WHAT THE EXERCISE ASKS:
All entries below are to be reproduced precisely as they stand, without the pictures.

PROVIDED INFORMATION:
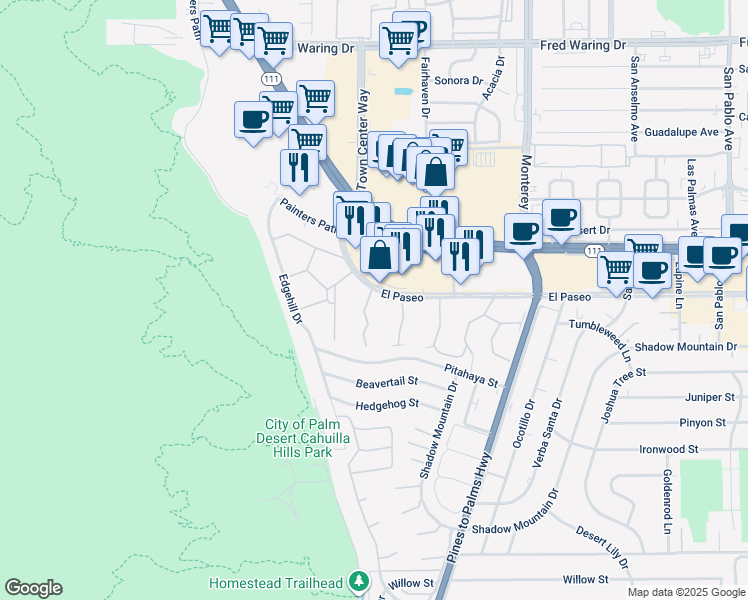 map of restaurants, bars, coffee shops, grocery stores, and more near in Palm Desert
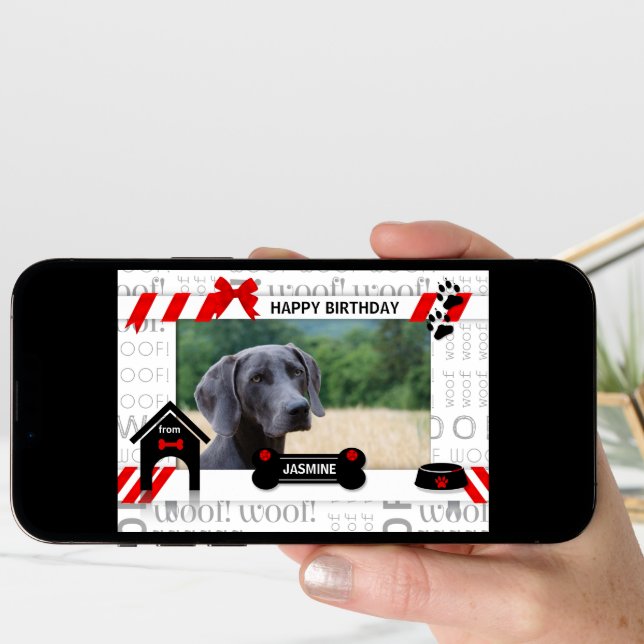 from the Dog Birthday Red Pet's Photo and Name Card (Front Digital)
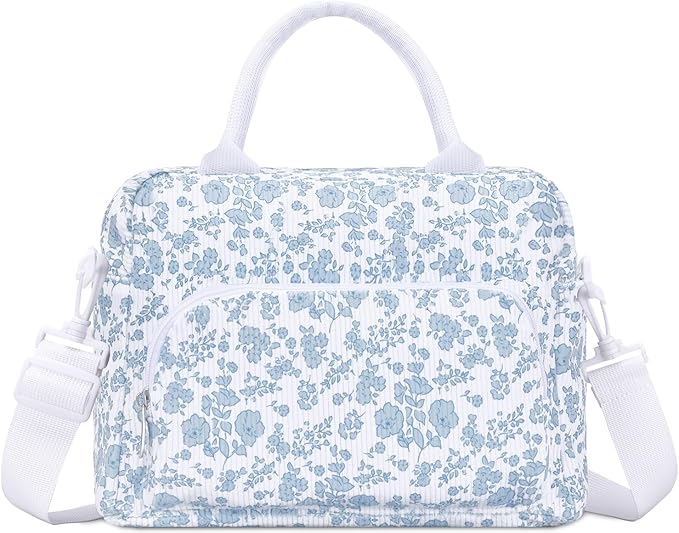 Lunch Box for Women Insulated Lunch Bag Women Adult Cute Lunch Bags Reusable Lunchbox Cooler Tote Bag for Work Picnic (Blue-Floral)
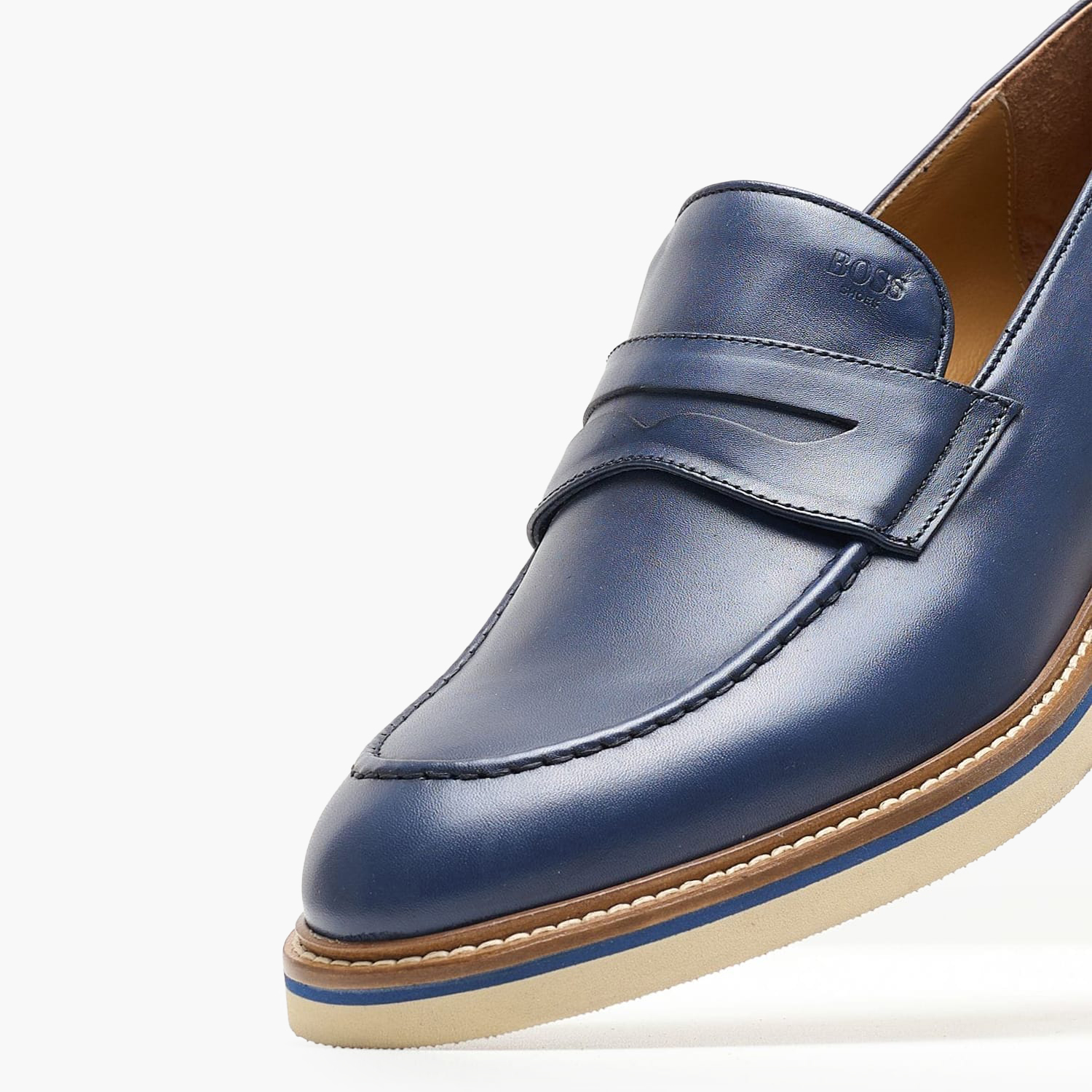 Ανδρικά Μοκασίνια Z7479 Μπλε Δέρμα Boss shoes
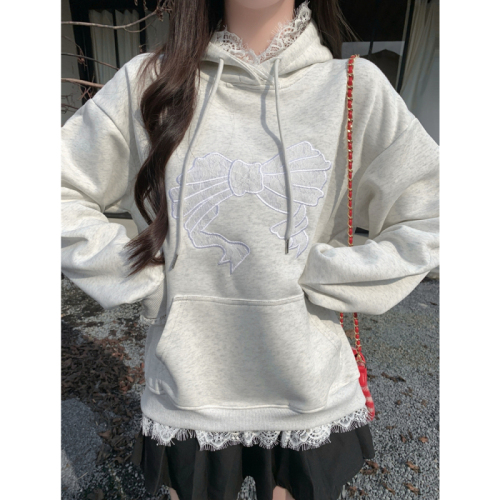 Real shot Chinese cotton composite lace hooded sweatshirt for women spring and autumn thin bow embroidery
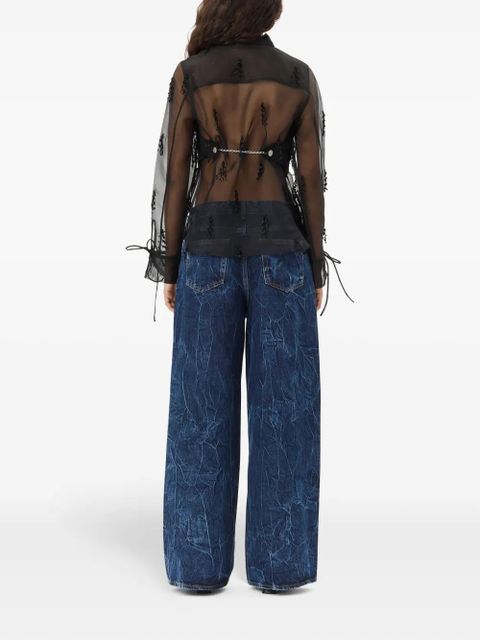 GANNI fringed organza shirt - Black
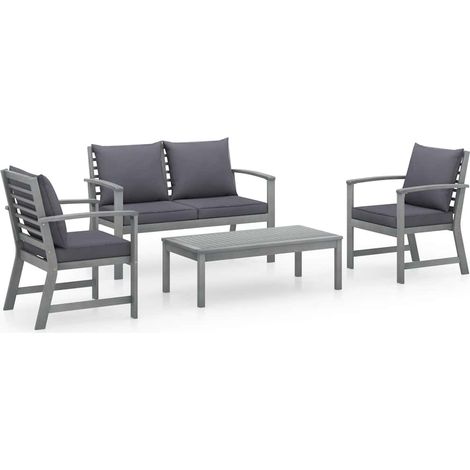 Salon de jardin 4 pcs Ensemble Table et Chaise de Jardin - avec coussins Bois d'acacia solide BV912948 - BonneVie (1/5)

TASK RESPONSE:
 map of restaurants, bars, coffee shops, grocery stores, and more near in Palm Desert
 from the Dog Birthday Red Pet's Photo and Name Card (Front Digital)
 Lunch Box for Women Insulated Lunch Bag Women Adult Cute Lunch Bags Reusable Lunchbox Cooler Tote Bag for Work Picnic (Blue-Floral)
 Ανδρικά Μοκασίνια Z7479 Μπλε Δέρμα Boss shoes
 Real shot Chinese cotton composite lace hooded sweatshirt for women spring and autumn thin bow embroidery
 GANNI fringed organza shirt - Black
 Salon de jardin 4 pcs Ensemble Table et Chaise de Jardin - avec coussins Bois d'acacia solide BV912948 - BonneVie (1/5)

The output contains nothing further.